The grievance running through both claims is straightforward. When Ministers settled the future of the Chagossians' ancestral home, the Chagos Islands (BIOT), they never bothered to ask the people whose home it actually is. That absence of consultation is what the claimants are challenging.
Listed jointly for an oral permission hearing of roughly two hours before the Administrative Court, King's Bench Division, the pair of actions carry the references R (Mandarin) v Secretary of State for Foreign, Commonwealth and Development Affairs (AC-2025-LON-002073) and R (Pompe) v Secretary of State for Foreign, Commonwealth and Development Affairs (AC-2025-LON-001642).
None of it would have been possible without the support the Great British PAC rallied. Our members and donors put tens of thousands of pounds behind the Mandarin legal effort, and our Chairman — Advance UK leader Ben Habib — reached into his own pocket for a further £10,000.
“For decades the Chagossians have been treated shamefully — displaced from their homeland and denied the fairness they deserve. This hearing is a crucial step toward righting that historic wrong. Thanks to hundreds of supporters and the extraordinary generosity of our donors, including our Chairman Ben Habib, we’ve helped get this case before the High Court. We are determined to see the Government finally follow the law, act with integrity, and treat the Chagossian people with the justice and respect long denied to them.”
— Claire Bullivant, Great British CEO

On the legal team for the claimants are Philip Rule KC and James Tumbridge, who act for the Mandarins, with Michael Polak appearing for Ms Pompe.
What the case is about
Those bringing the claims are Chagossians, British citizens, and people who want to stay British. In their telling, the UK Government has come up short on five counts — a set of duties they say were never met:
- genuine consultation over resettlement, rights of abode, fishing and the interests tied to them;
- a fair and rational weighing of their rights, all the more so now that national security is no longer the reason given for shutting them out of the outer islands;
- proper discharge of the Public Sector Equality Duty (PSED);
- procedural fairness bound up with the right of self-determination; and
- compliance with the human-rights obligations owed to British citizens.
One point is worth stating plainly: the Treaty itself is not under attack here. The claimants are not asking the Court to undo the May 2025 UK–Mauritius treaty. Their sights are set instead on domestic British decisions — the things that remain firmly within the UK's own jurisdiction and control — and the real-world effect those decisions have on Chagossians.
The legal grounds, as the claimants put them
Ground 1 — the duty to consult.
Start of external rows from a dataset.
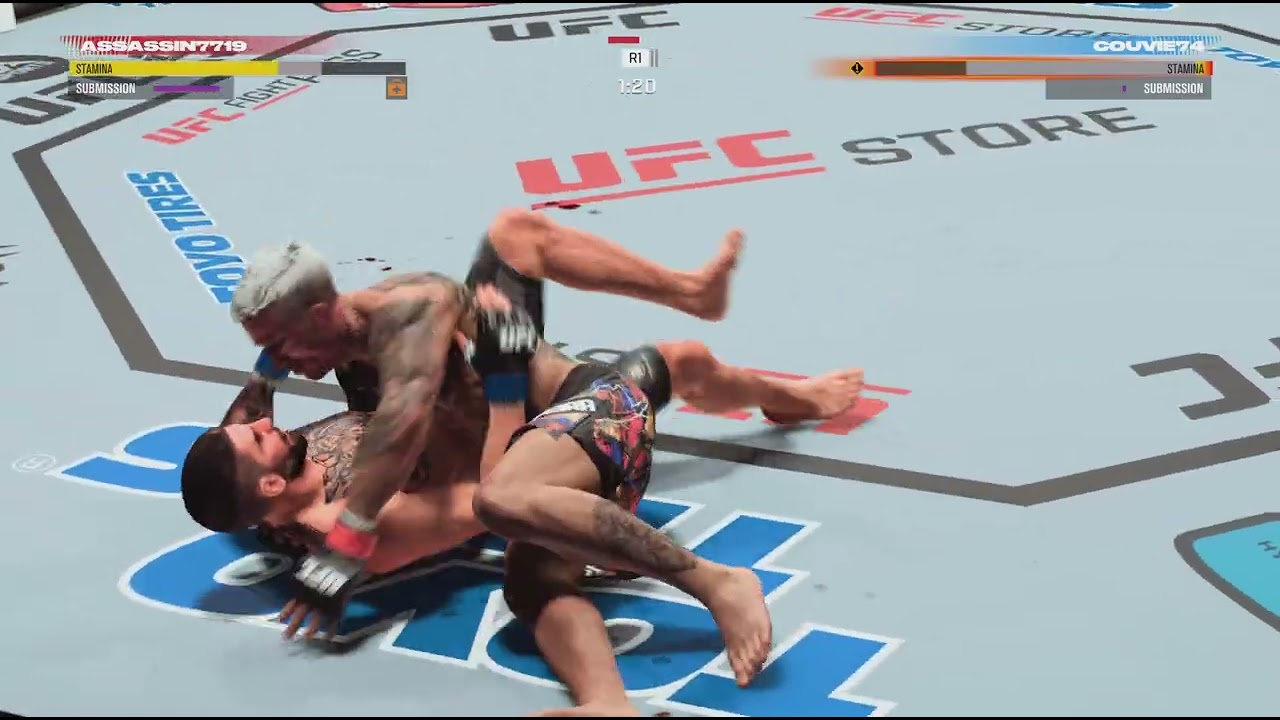 EA SPORTS UFC 5_20260317140018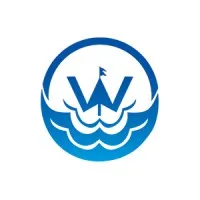 Ocean Web Technology Pvt Ltd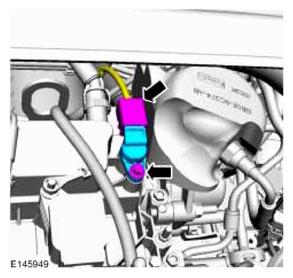 G08063956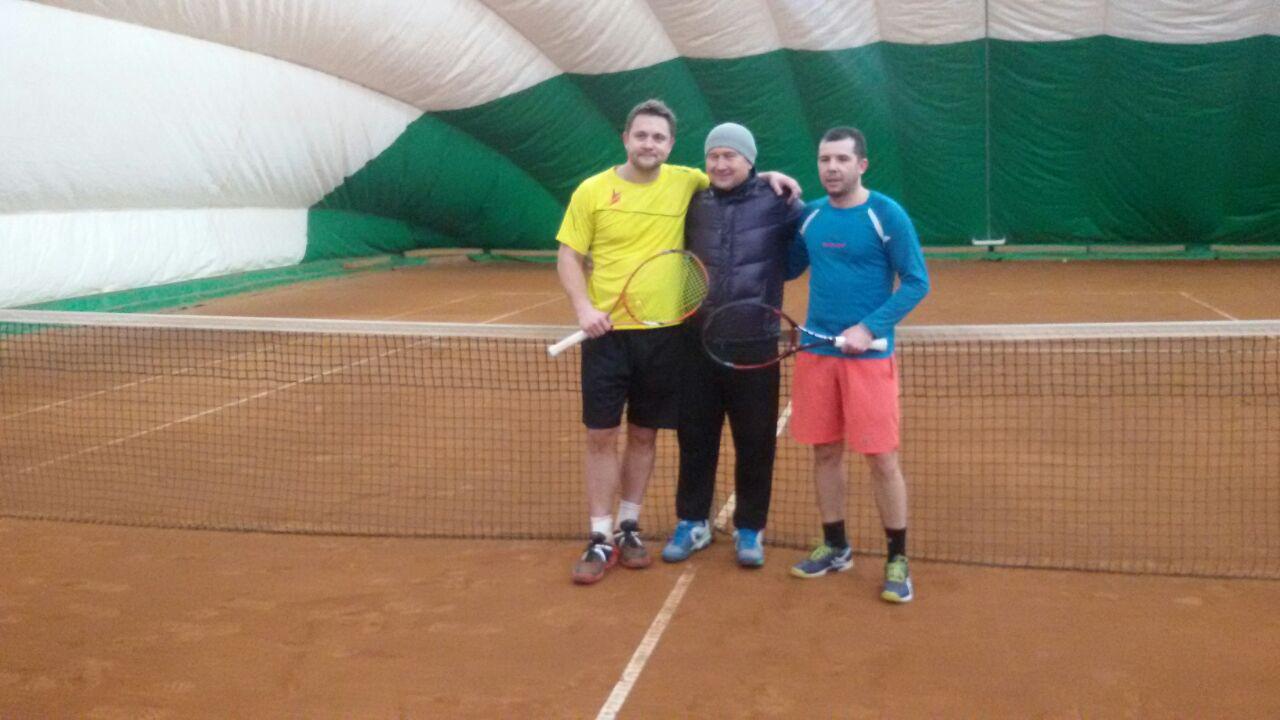 photo_2017-05-17_12-56-13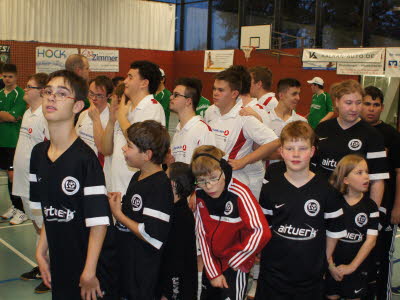 20151114135507_Turnier-2015_4086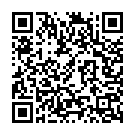 Mein Hoon Hussaini Bachpan Se Song - QR Code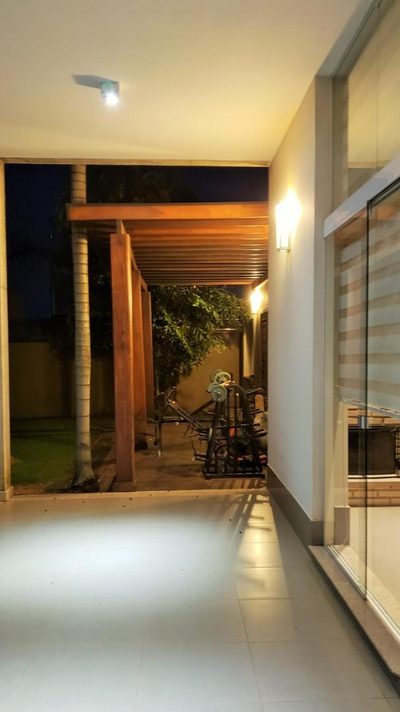 Casa de Condomínio, 1 quarto - Foto 2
Before it ever acted, the Government owed Chagossians a proper consultation on resettlement, rights of abode, fishing rights and the decisions around them, the claimants argue. They add that an earlier decision on the papers got this ground wrong, reading it as a quarrel with the signing of the treaty — which, they insist, it never was.
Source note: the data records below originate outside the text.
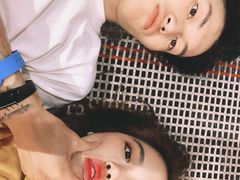 -嘿哟动霸CHUA·新潮玩运动娱乐中心·蹦床滑冰团建乐园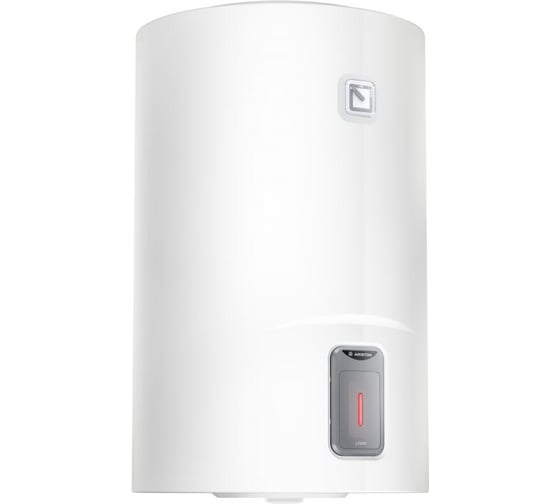 Накопительный водонагреватель Ariston LYDOS R ABS 50 V 3201971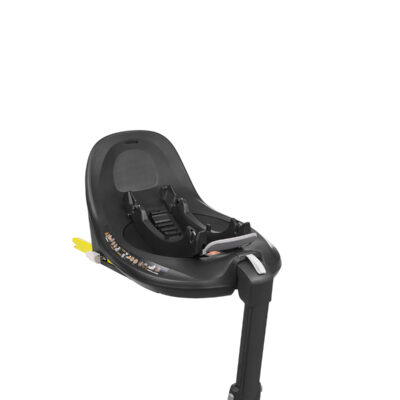 Isofix база въртяща за стол за кола i-Xtendin stock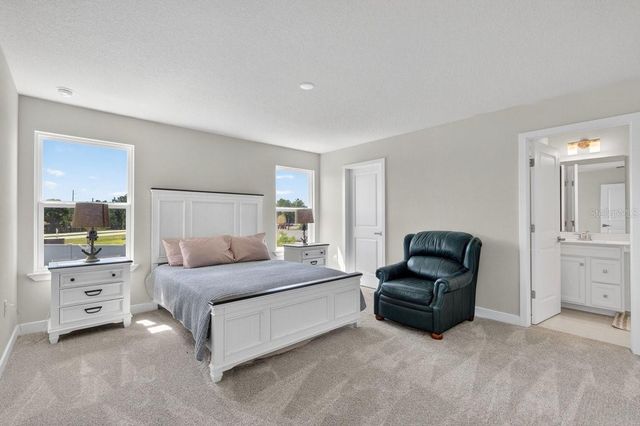 26 SABAL COURT, Palm Coast, FL 32164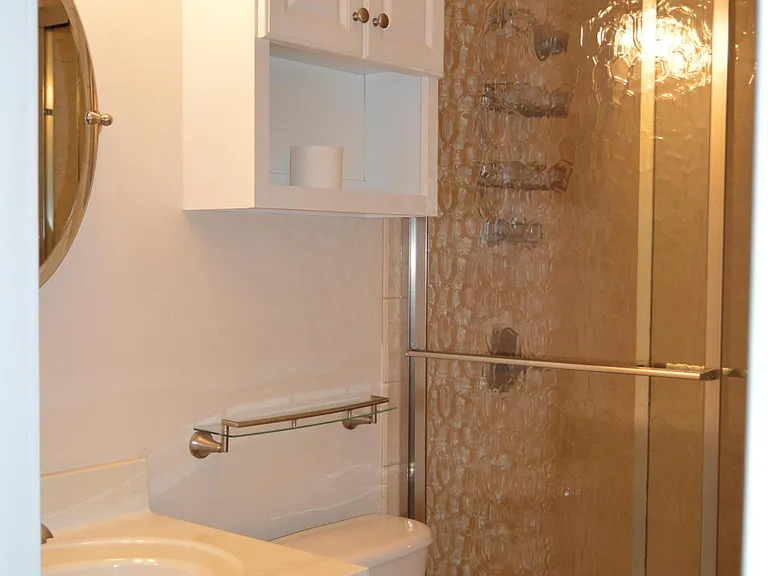 1866 Sunrise Dr — Photo 32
Ground 2 — irrationality and failure to consider. On the claimants' case, Chagossian interests were never rationally weighed at all — a glaring omission once the Government itself accepted that national security no longer warrants keeping a civilian population off the outer islands. The Bancoult line of authorities, they say, confirms that questions like these are open to judicial review and can be looked at afresh as circumstances move on.
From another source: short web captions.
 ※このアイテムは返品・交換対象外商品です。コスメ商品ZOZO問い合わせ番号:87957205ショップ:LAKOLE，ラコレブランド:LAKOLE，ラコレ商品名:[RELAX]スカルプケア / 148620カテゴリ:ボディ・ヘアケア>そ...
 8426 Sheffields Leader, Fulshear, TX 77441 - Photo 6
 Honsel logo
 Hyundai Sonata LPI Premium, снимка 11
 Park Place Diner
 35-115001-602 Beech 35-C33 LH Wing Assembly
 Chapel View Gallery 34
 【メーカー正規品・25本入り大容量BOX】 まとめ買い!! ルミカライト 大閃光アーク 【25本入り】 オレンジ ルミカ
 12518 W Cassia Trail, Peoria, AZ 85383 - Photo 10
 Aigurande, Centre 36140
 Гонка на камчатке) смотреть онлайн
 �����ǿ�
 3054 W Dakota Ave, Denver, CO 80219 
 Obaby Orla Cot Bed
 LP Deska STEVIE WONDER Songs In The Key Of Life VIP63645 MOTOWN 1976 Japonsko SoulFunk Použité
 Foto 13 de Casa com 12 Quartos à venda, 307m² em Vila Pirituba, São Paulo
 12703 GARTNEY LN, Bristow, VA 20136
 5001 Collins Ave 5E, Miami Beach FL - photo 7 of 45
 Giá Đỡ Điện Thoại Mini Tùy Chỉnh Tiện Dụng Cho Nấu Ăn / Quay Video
Ground 3 — the equality duty (PSED). An Equality Impact Assessment (EIA) was mentioned by the Foreign Office, yet — according to the claimants — it was never handed over as part of the decision-making record. Sitting on documents of that importance, they contend, offends the duty of candour and blocks any real scrutiny of whether the PSED was met. They lean on authorities such as Tweed, R (Chief Constable of the Police Service of Northern Ireland) v Police Superintendents' Association, and National Bank of Anguilla — each stressing that the withholding of crucial material can, on its own, be reason enough to grant permission.
Ground 4 — Article 14 of the ECHR (discrimination). Whether or not BIOT sits beyond the reach of the Human Rights Act scheme, what is at stake are UK decisions about British citizens — so the Article 14 discrimination arguments are not switched off.
Ground 5 — procedural fairness and self-determination. On matters that go to the very core of their lives, Chagossians were owed a fair process — a consultation, a survey, perhaps a referendum — to find out what they actually wanted.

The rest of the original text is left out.